Back when I was questioning the value of AMD, it turns out that the association’s leadership was already two steps ahead of me. These last few years have seen a change in the direction and focus of AMD. We—membership volunteers—have spent a lot of time examining the past, the present and the future for our association. We, the membership, decided what we wanted to be, how the association should run and what we expected from the staff. The association is now focused on being our voice in governmental affairs, our advocate with regards to national and regional code issues, our source for national and regional market information and our trainer for advanced millwork education.
A New Face
The face of millwork distribution is different today. Through self-examination we, along with our associate members, learned that millwork moves through many channels today. This fact has been difficult for many of our members to accept, but by and large, we did. The association now actively recruits potential members instead of actively excluding potential members.
AMD is upgrading and modernizing the educational programs to make them more relevant in today’s marketplace. AMD also hopes to be a source of millwork education for all members of the distribution chain.
The AMD Top Management Meeting has been transformed from a weekend golf outing to a high-powered event consisting of first-class trainers and industry experts, opportunities to discuss current issues with peers via roundtable events and the opportunity to make acquaintances with like-minded businessmen or women with whom you can discuss more detailed issues without feeling like you are giving away secrets to the competition.
It’s the People
I keep coming back to the people. Can you go it alone? Sure, but I was surprised at how much fun it has been to “join up.”

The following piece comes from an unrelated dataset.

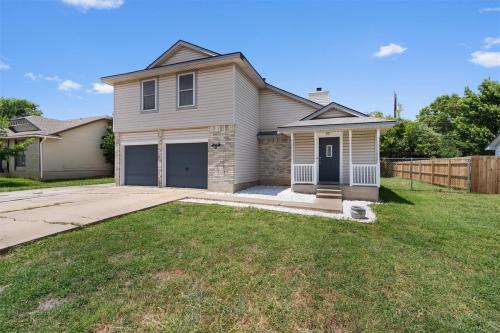 Picture of https://www.realty.com/dps/500/HouseImages/AUSTIN/699/f_8039699.jpg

The AMD Annual Convention is also going through a transition. Again, the association is reacting to the needs of the membership. The convention is now stocked with highly-relevant educational sessions as requested by the membership. The featured speakers, always a highlight, remain top-shelf, current and relevant. The exhibit hall remains the focal point of the convention. Clearly, the convention trend for AMD is more about business, while still keeping some of its friendly, family charm.
The AMD staff has also proven to be “consumer-driven.” No longer does the staff tell us what our association is all about. Our staff, under the direction of Rosalie Leone, wants to serve us. Rosalie wants to hear from and serve the membership, which also includes the associate members. She recognizes the unbroken relationship between manufacturers and distributors.
The association continues to reach out, so let it touch you. If you are the least bit interested in volunteering, go ahead and serve a term on the board or on a committee. Do it. The people you meet and learn from will more than make up for whatever time you spend volunteering. The relationships you develop with AMD, your suppliers and your peers will be the big payoff.
Bill Sarbaugh is president of River City Millwork of Rockford, Ill.